我们首先看一下如何计算 sizeclass 的，预先定义了两个数组：size_to_class8 和 size_to_class128。数组 size_to_class8，其第 i 个值表示地址区间 ( (i-1)8, i8 ] (smallSizeDiv = 8) 对应的 sizeclass，size_to_class128 类似。小于 1024 - 8 = 1016 （smallSizeMax=1024），使用 size_to_class8，否则使用数组 size_to_class128。看一下数组具体的值：0, 1, 2, 3, 3, 4, 4…。举个例子，比如要分配 17 byte 的内存（16 byte 以下的使用 mcache.tiny 分配），sizeclass = size_to_calss8[(17+7)/8] = size_to_class8[3] = 3。不得不说这种用空间换时间的策略确实提高了运行效率。

计算出 sizeclass，那么就可以去 mcache.alloc[sizeclass] 分配了，注意这是一个 mspan 指针，真正的分配函数是 nextFreeFast() 函数。如下。

// nextFreeFast returns the next free object if one is quickly available.// Otherwise it returns 0.func nextFreeFast(s *mspan) gclinkptr {
    theBit := sys.Ctz64(s.allocCache) // Is there a free object in the allocCache?
    if theBit < 64 {
        result := s.freeindex + uintptr(theBit)        
            if result < s.nelems {
            freeidx := result + 1
            if freeidx%64 == 0 && freeidx != s.nelems {                return 0
            }
            s.allocCache >>= (theBit + 1)
            s.freeindex = freeidx
            v := gclinkptr(result*s.elemsize + s.base())
            s.allocCount++       
            return v
        }
    }    
    return 0
}

allocCache 这里是用位图表示内存是否可用，1 表示可用。然后通过 span 里面的 freeindex 和 elemsize 来计算地址即可。

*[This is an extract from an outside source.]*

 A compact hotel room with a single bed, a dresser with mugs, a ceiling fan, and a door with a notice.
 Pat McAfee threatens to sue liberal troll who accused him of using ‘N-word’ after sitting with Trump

如果 mcache.alloc[sizeclass] 已经不够用了，则从 mcentral 申请内存到 mcache。

// nextFree returns the next free object from the cached span if one is available.
// Otherwise it refills the cache with a span with an available object and
// returns that object along with a flag indicating that this was a heavy
// weight allocation. If it is a heavy weight allocation the caller must
// determine whether a new GC cycle needs to be started or if the GC is active
// whether this goroutine needs to assist the GC.
func (c *mcache) nextFree(sizeclass uint8) (v gclinkptr, s *mspan, shouldhelpgc bool) {
    s = c.alloc[sizeclass]
    shouldhelpgc = false
    freeIndex := s.nextFreeIndex()
    if freeIndex == s.nelems {        // The span is full.
        if uintptr(s.allocCount) != s.nelems {            
            println("runtime: s.allocCount=", s.allocCount, "s.nelems=", s.nelems)
            throw("s.allocCount != s.nelems && freeIndex == s.nelems")
        }
        systemstack(func() {  // 这个地方 mcache 向 mcentral 申请
            c.refill(int32(sizeclass))
        })
        shouldhelpgc = true
        s = c.alloc[sizeclass]        
            // mcache 向 mcentral 申请完之后，再次从 mcache 申请
        freeIndex = s.nextFreeIndex()
    }

    ...
}
// nextFreeIndex returns the index of the next free object in s at
// or after s.freeindex.
// There are hardware instructions that can be used to make this
// faster if profiling warrants it.
// 这个函数和 nextFreeFast 有点冗余了
func (s *mspan) nextFreeIndex() uintptr {
    ...
}

mcache 向 mcentral，如果 mcentral 不够，则向 mheap 申请。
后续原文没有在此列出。